A cominciare dalla regia del vecchio Walter Hill. Hill qui non è certo quello de “I guerrieri della palude silenziosa”, “Driver”, “I cavalieri dalle lunghe ombre” e via dicendo, e ha preso l’impegno come una remunerativa vacanza. Nonostante giri con la mano sinistra, il regista dimostra però grinta e una palese voglia di mostrare ai colleghi più giovani come si gira un action movie.

Jimmy Bobo è, infatti, sì un concentrato di trite banalità già viste e sentite, ma anche un rutilante mix di brutali, aggressive scene d’azione che non hanno nessuna intenzione di risparmiare esplicite truculenze e violentissime uccisioni al placido spettatore dei multiplex.

Oltre a questo aspetto, che riporta indietro la nostalgia ai prodotti di uno Steven Seagal d’annata, bisogna ammettere che il ritmo c’è, che qualche battuta indovinata ogni tanto fa capolino nel piattume, e il duetto da buddy movie tra Stallone (in forma e simpatico) e Kang (volto scafato e ok, per fare cassetta sul mercato asiatico) funziona. Senza dimenticare character indovinati come il Keegan di Jason Momoa, truce mercenario che vive il ruolo con passione e convinzione, e non è ben visto dai suoi stessi capi perché di uno che non mette il denaro al primo posto non ci si può fidare.

Jimmi Bobo

Jimmy Bobo è insomma uno di quei filmini immediati da fast food del cinema, un giochino senza infamia e senza lode fatto per piacere al suo pubblico e per essere ricordato il tempo dello scorrere dei titoli di coda. Certamente più onesto degli analoghi actioner pensati per teenager, dove tutto è asettico, incolore ed insapore.

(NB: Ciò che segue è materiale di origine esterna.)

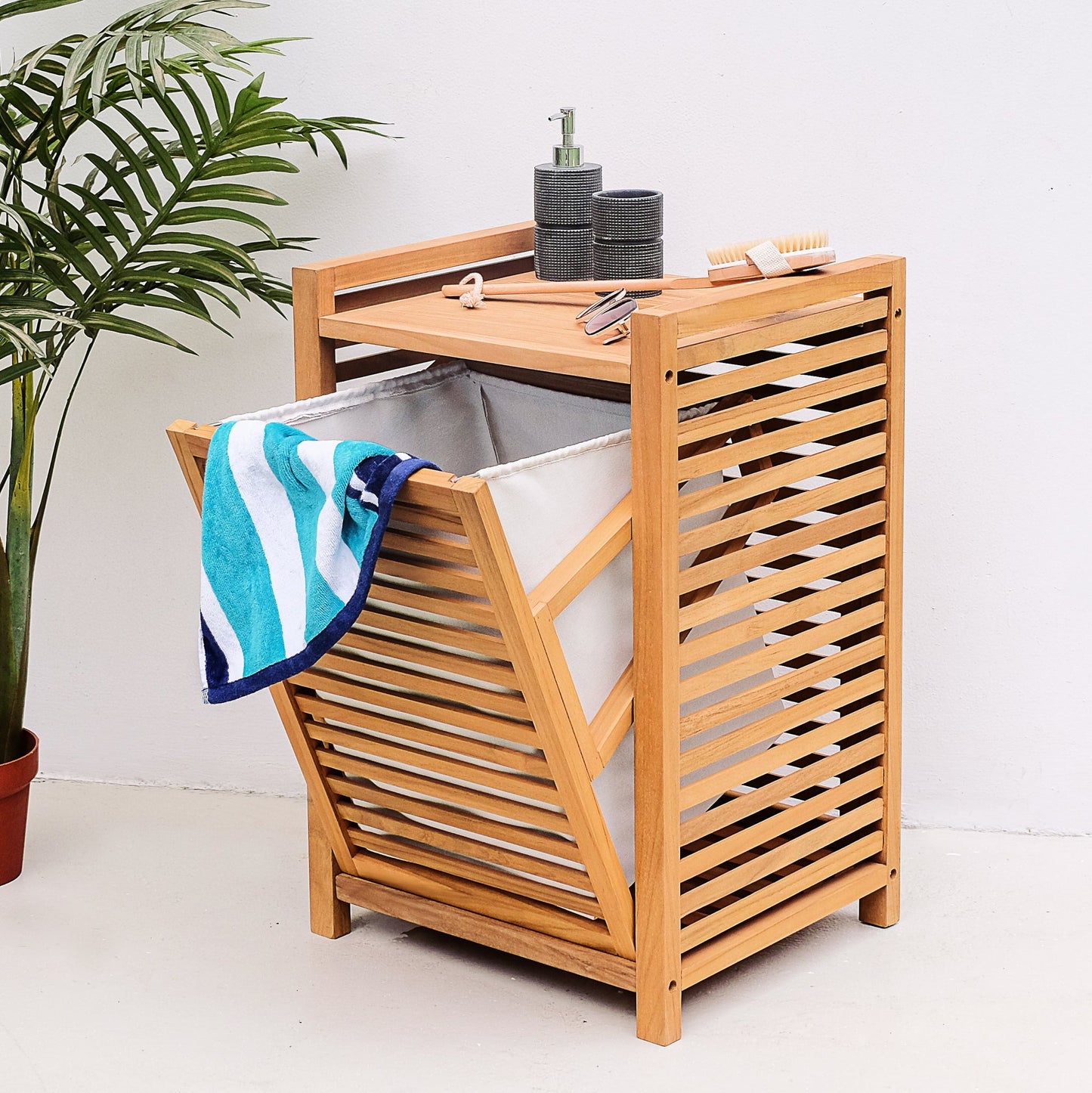 Teak Wood Laundry Hamper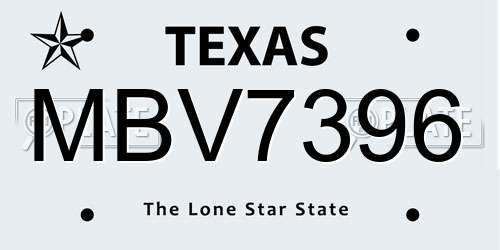 MBV7396 Texas License Plate
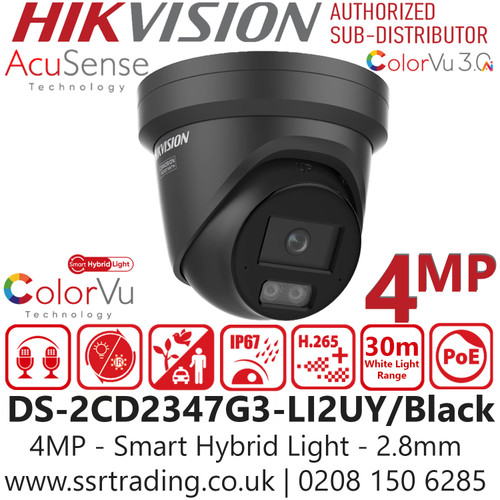 Hikvision DS-2CD2347G3-LI2UY/Black (2.8mm) 4MP Smart Hybrid Light with ColorVu Turret IP Camera with 2.8mm Fixed Lens - Scene-adaptive WDR - Built-in Arrayed Dual-Microphone - Anti-corrosion Design - Water and Dust Resistant (IP67) 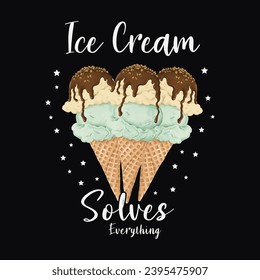 Ice Cream Solves Everything, Watercolor Ice Cream Typography Design For T-Shirt And Merchandise, Ice cream Vector Illustration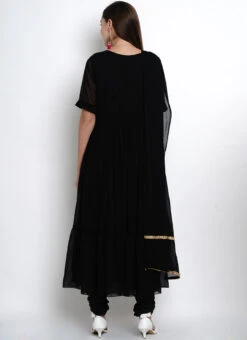 Black Georgette Anarkali Suit Festive Wear -Deals Chic Lehenga Store black georgette anarkali suit sldrnr472 b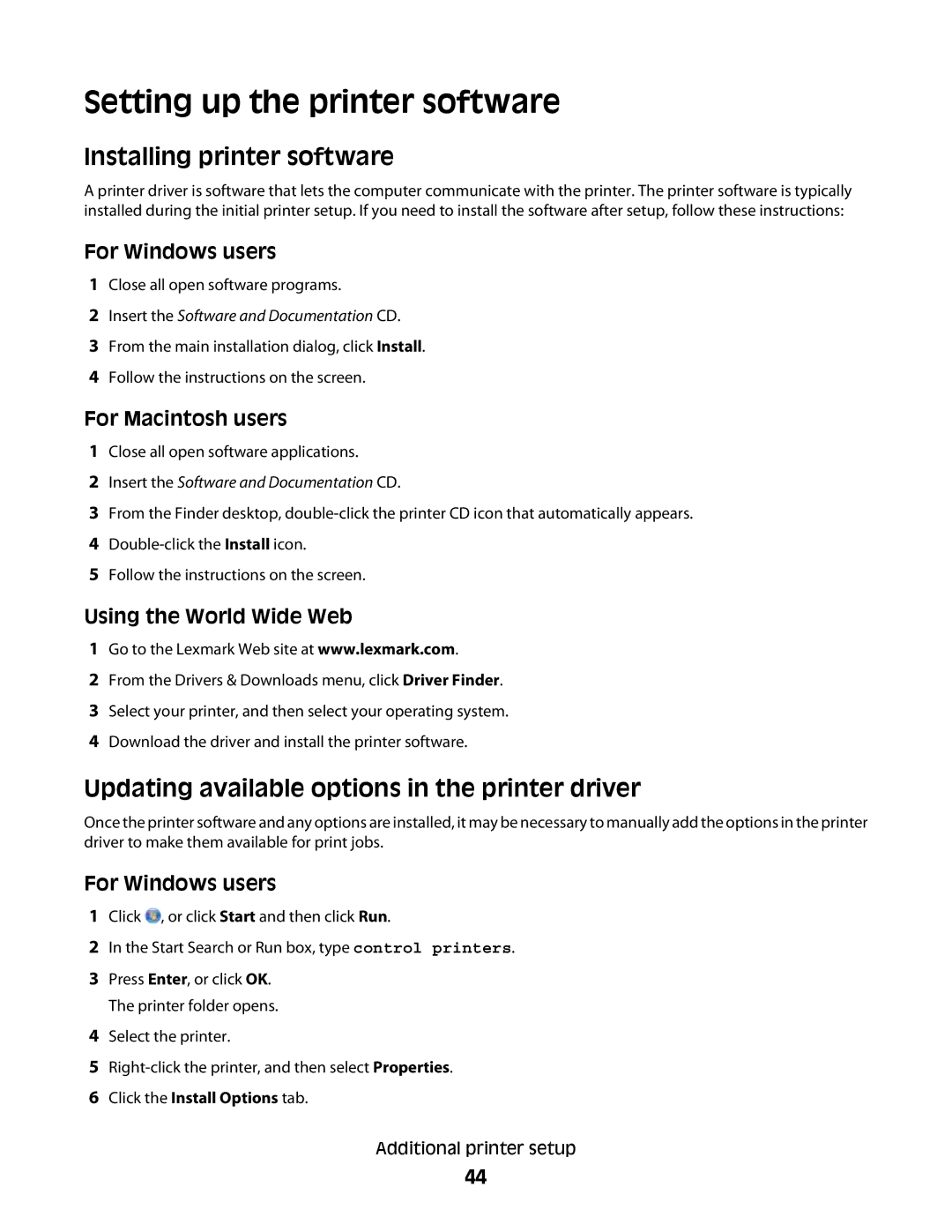 Lexmark MS00859, MS00853, MS00850, MS00855 manual Setting up the printer software, Installing printer software 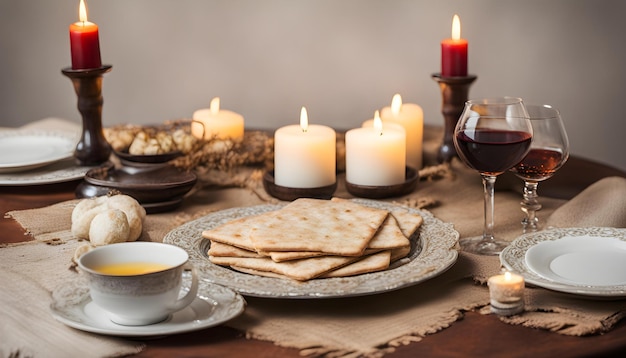 ein Tisch mit einem Glas Wein und einem Teller mit Crackern mit einem Glas Wine und einer Kerze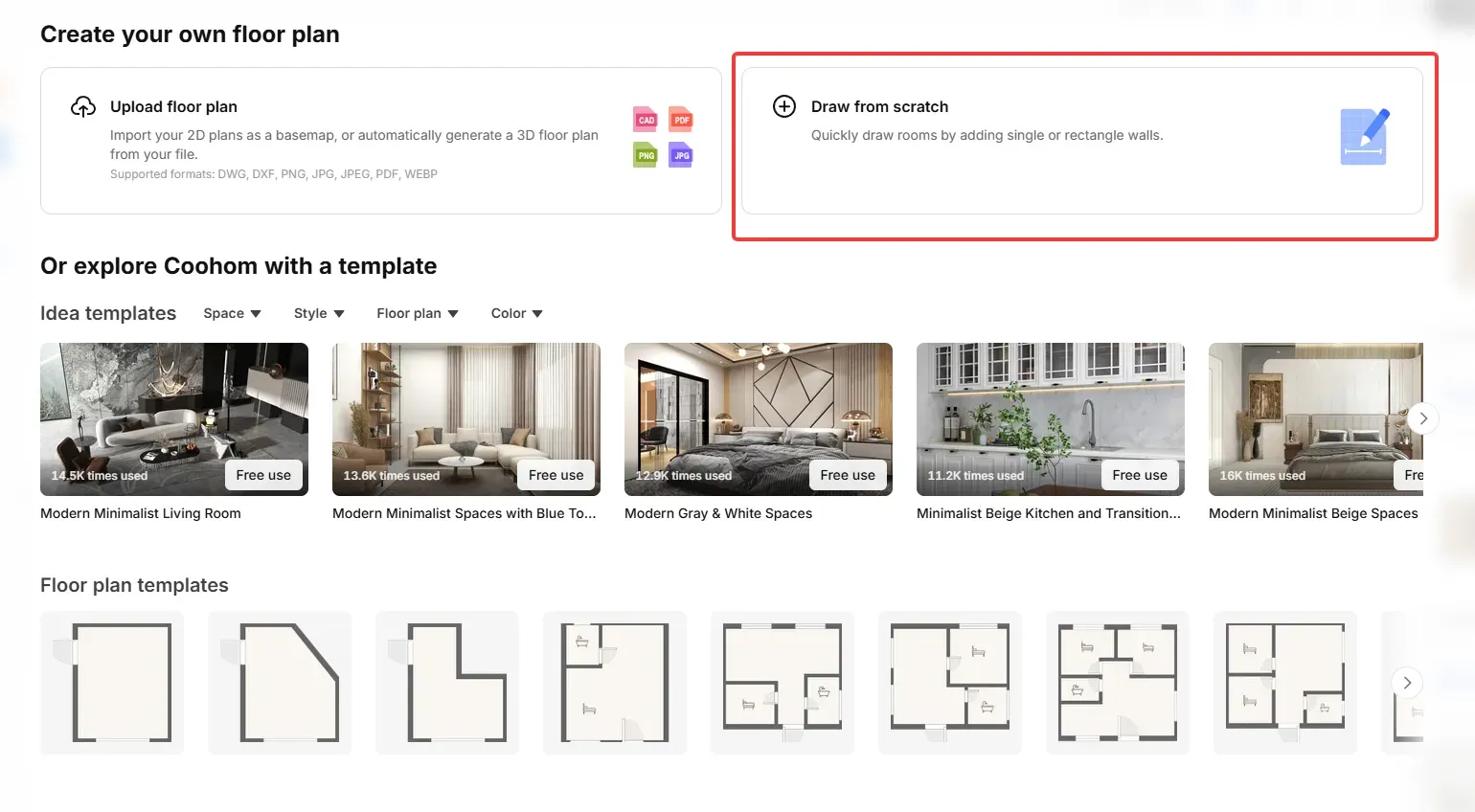 Coohom floor plan creation screen showing the draw from scratch option alongside various interior templates
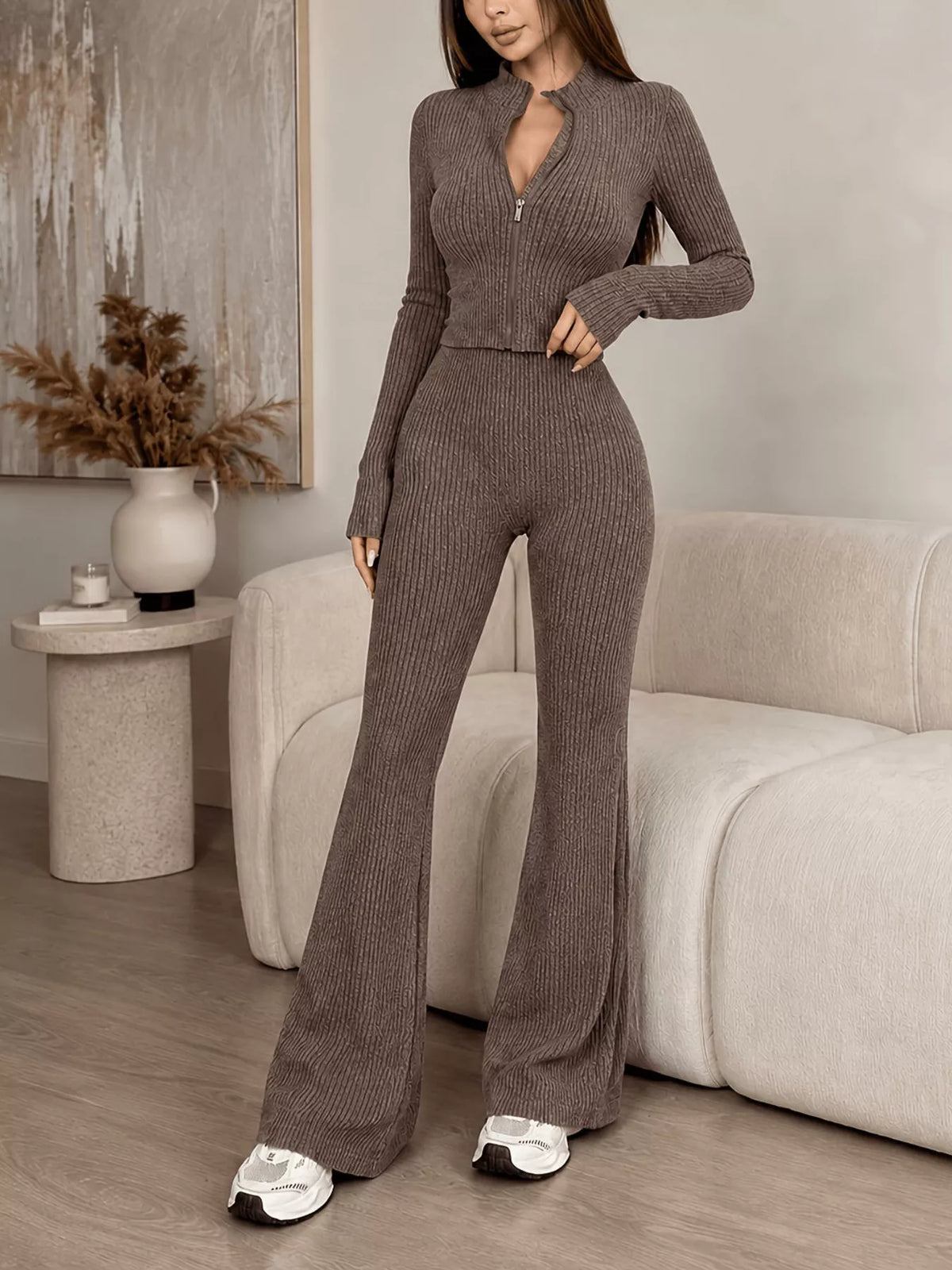Ribbed Zip-Up Cardigan and Pants Knit Set - Lilixa.store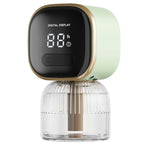 Digital display device with a clear cylindrical container on a white background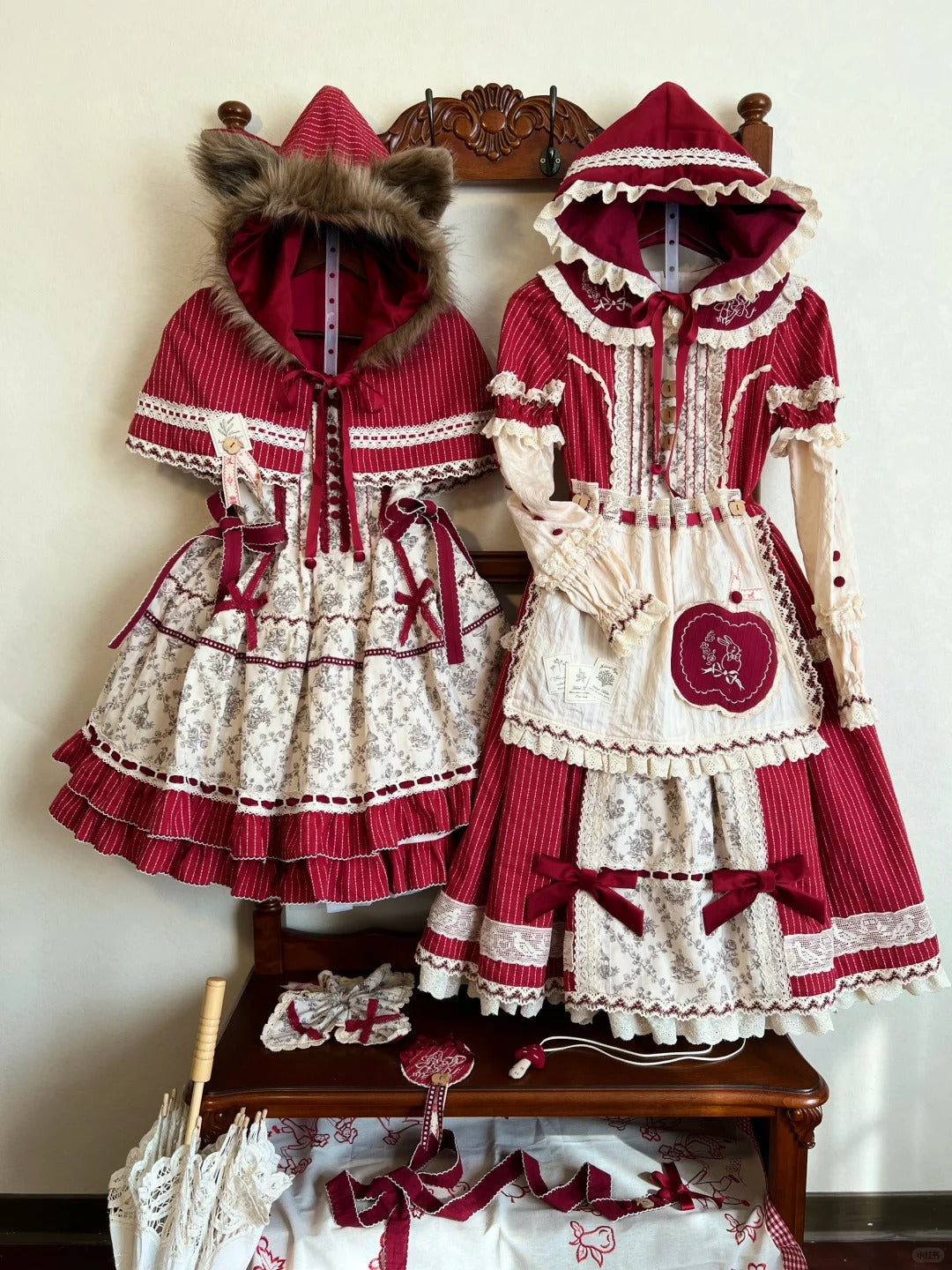 【受注予約~4/27】森の赤ずきんちゃん ワンピース・ジャンパースカートセット【Peony】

Il film di Walter Hill non passerà alla storia della settima arte, ma almeno quel poco che dice lo comunica senza prendere in giro nessuno. La lealtà e la giustizia non richiedono solamente eroi senza paura e dal passato immacolato, ma anche uomini con la schiena dritta e il braccio saldo sulla propria arma. La violenza più inaccettabile è sempre quella che si fa alla propria anima e alla propria comunità, quando si decide di non vedere e di voltarsi dall’altra parte.